Saturday, November 04, 2006

RENOVACION, UNA INVITACION A LA REFLEXION


Estamos llegando a diciembre y con ello, el año termina entre luces, alegría y nostalgia. Es entonces el momento de hacer una tregua con la computadora, el internet y los ciber-juegos, para llevar a cabo aquello que se planeó según tiempo y presupuesto.
Diciembre tiene su encanto, la fragancia de sus noches nos invitan a la reflexión de lo que vivimos durante el año, para darnos cuenta de lo que dejamos de lado; muchos trabajos inconclusos, que con el tiempo se han vuelto añejos. Hoy, hay algo por hacer y otras cosas por concluir, a pesar de que los días sean nublados y húmedos.
La atmósfera tiene un aroma distinto. Hay amor en todo lo que se toca y se dice, nos estimulan a los buenos deseos. Gozo, paz, el espíritu navideño nos empieza a contagiar, tenemos paciencia, benignidad y bondad con todos los que nos rodean, nos consolamos con una sonrisa de esas que alegran el día a cualquiera, somos más sensibles al sufrimiento humano.
¿Por qué tenemos que esperar a Diciembre para sentir los frutos del Espíritu Santo?
Será porque un niño nos es nacido, hijo nos es dado y el principado sobre Su hombro; y se llamará Su nombre Admirable, Consejero, Dios fuerte, Padre Eterno, Príncipe de Paz.
(Isaías 9:6)
Bueno, se va otro año más y vendrá un período de completo relajamiento de la rutina y las actividades propias, después de tantos trabajos y desvelos, pues en la carrera desenfrenada del trabajo, por ver cumplidos nuestros sueños, ilusiones y propósitos, hemos trabajado mucho.

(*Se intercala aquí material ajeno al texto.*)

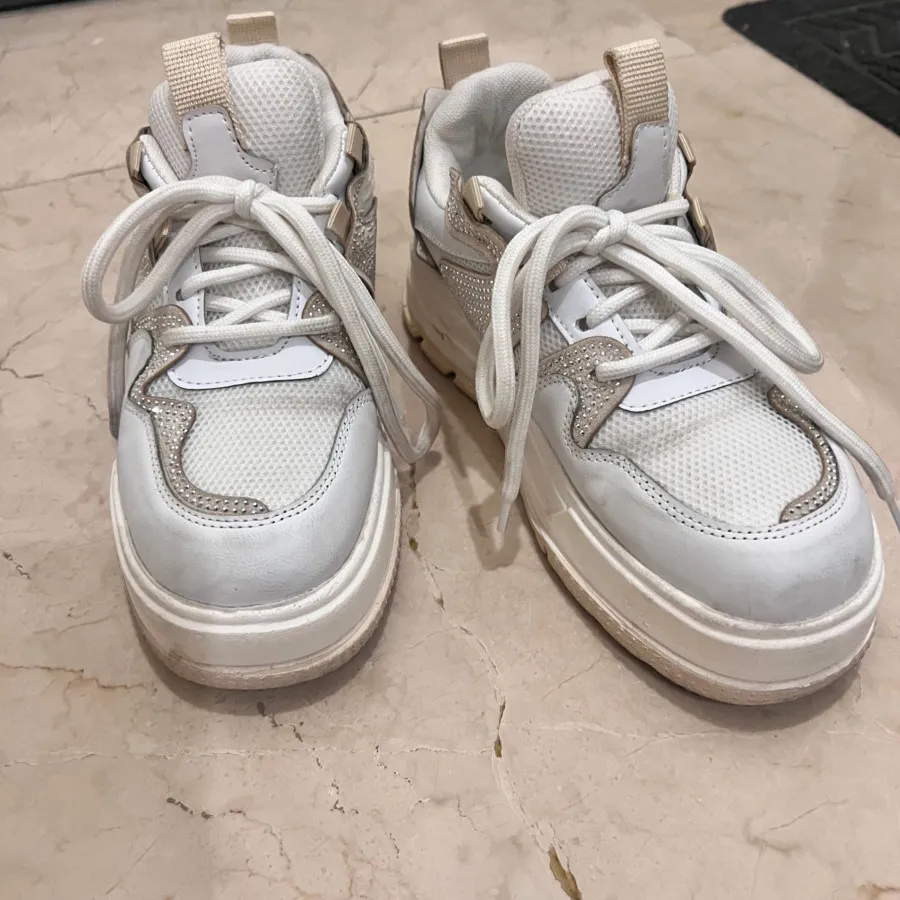 کفش راحتی روزمره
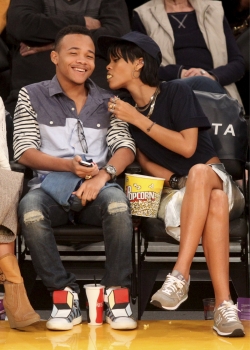 Rihanna juguetea con un amigo durante un partido de la NBA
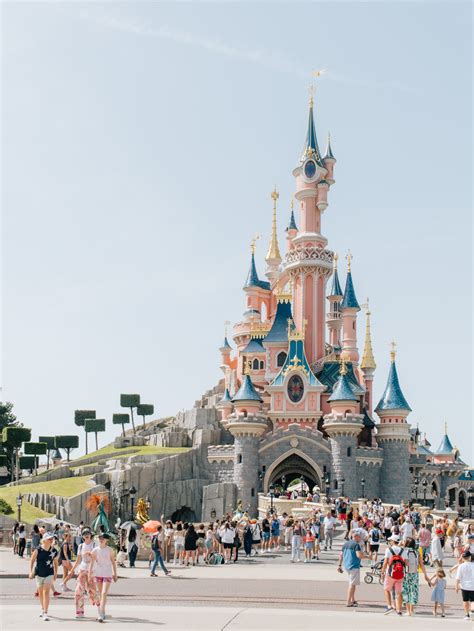 Kaart van de omgeving van Disneyland Parijs met aangegeven busroutes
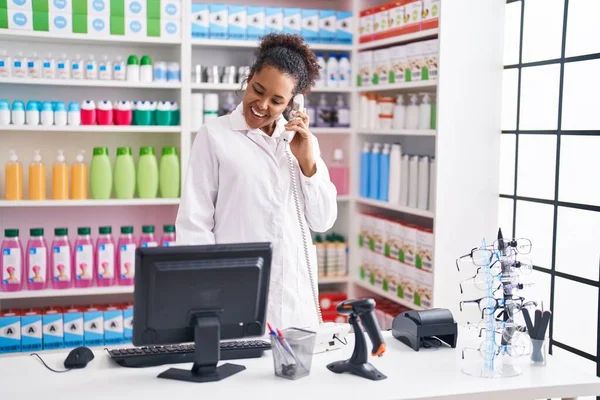 Afričanky Americká Žena Lékárník Mluví Telefonu Pomocí Počítače Lékárně — Stock fotografie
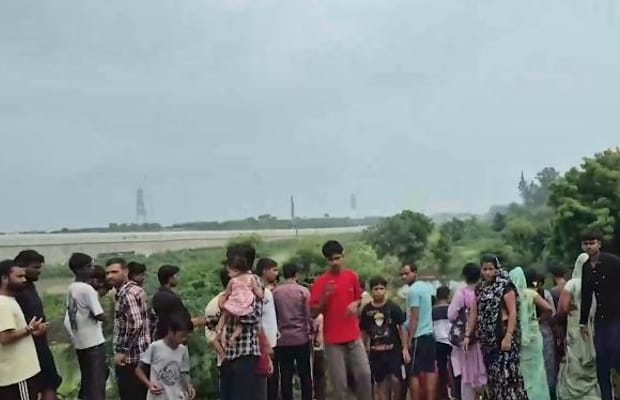 Delhi: Youth swept away in Sarita Vihar's drain while returning from Noida; search ops on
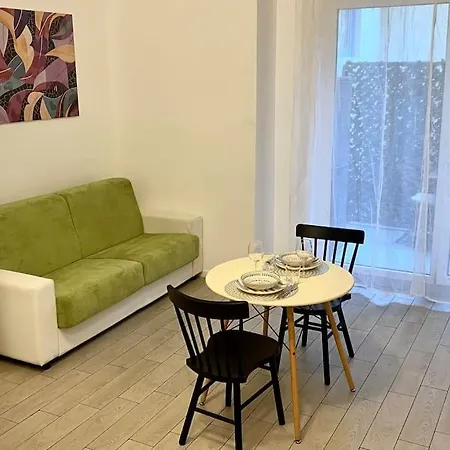 Rifugio Serraglio Station 1 Min - Wifi Free Apartamento Prato (Prato)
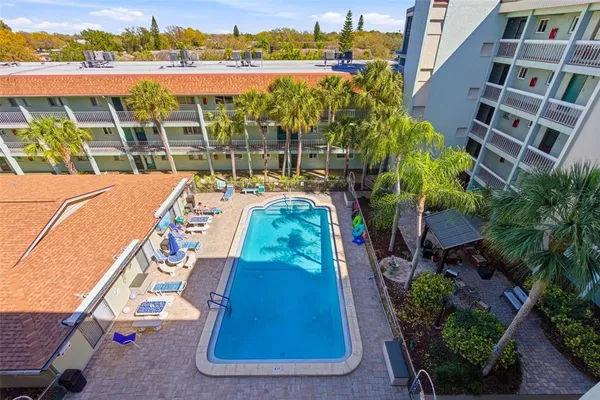 $1,700 | 801 83rd Avenue North, Unit 510, St. Petersburg, FL 33702
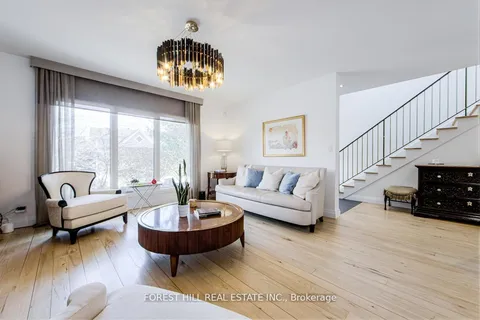 193 Lakewood Drive, ON L6K 1B3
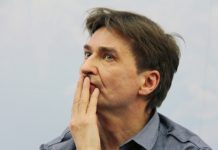 РИА Новости: театрального режиссёра Бутусова кремируют в Болгарии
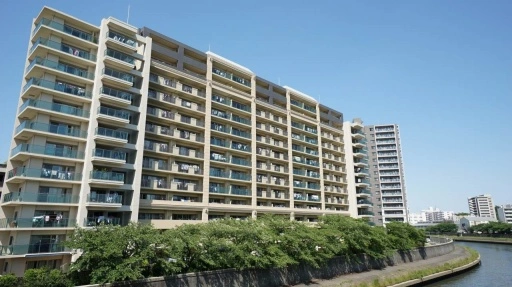 ヴェレーナシティパレドプラージュの外観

Aunque a veces no hemos visto los logros de nuestro esfuerzo y nos sentimos estancados, pues al ser humano le es fácil, en un momento, hacer mil y un planes para todo el año, no obstante, el problema llega, al momento de realizarlos.
Recuerden al profeta Elías, el había tenido meses de intenso trabajo y de grandes éxitos, pero al comenzar una nueva etapa de su vida, tenía sueño, estaba agotado, deprimido y se sentía solo (1 Reyes 19: 4-5).
¿Cuántos de nosotros no nos hemos sentido así al terminar el año?
El Padre Celestial quiere que hagamos un alto para que tomemos un merecido descanso ¿Sabes por qué el Señor nos obliga a detenernos? Porque no sabemos descansar. Tan afanados estamos en los quehaceres, que a veces no actuamos con sensatez.
El quiere que veamos por donde vamos, que tomemos nuevas fuerzas para que podamos continuar nuestro camino, seguros hacia una dirección y meta definidas, quiere que nos renovemos constantemente, que nos superemos espiritualmente, que desarrollemos un carácter fuerte y sólido,
que seamos ejemplo, que dejemos huella con nuestra vida. Pero no debemos esperar a que llegue diciembre para meditar en lo estamos haciendo, ni tenemos que esperar a que den las doce campanadas, para hacer nuevos y mejores propósitos.
Mejor busquemos el rostro de Dios desde ahora y no permitamos que el desánimo, el estrés, la rutina o el pasar del tiempo apaguen nuestras buenas intenciones, hagamos la diferencia entre la vida que llevamos, y una vida lozana que amanece todas las mañanas. Seamos más justos, para que nuestra senda sea como la luz de la aurora, que va en aumento hasta que el día es perfecto, disfrutando de las bendiciones nuevas que vienen de lo alto, directamente del trono de Dios.
No se desanimen, vale la pena esperar, descansar y dedicar tiempo para estar con Dios. Escudriñemos las Escrituras, para que cada día, nos ayuden a enfrentar los desafíos que nos aguardan, y a crecer en la presencia y el conocimiento de Aquel que nos ama y espera en silencio. Los planes estratégicos vendrán por añadidura.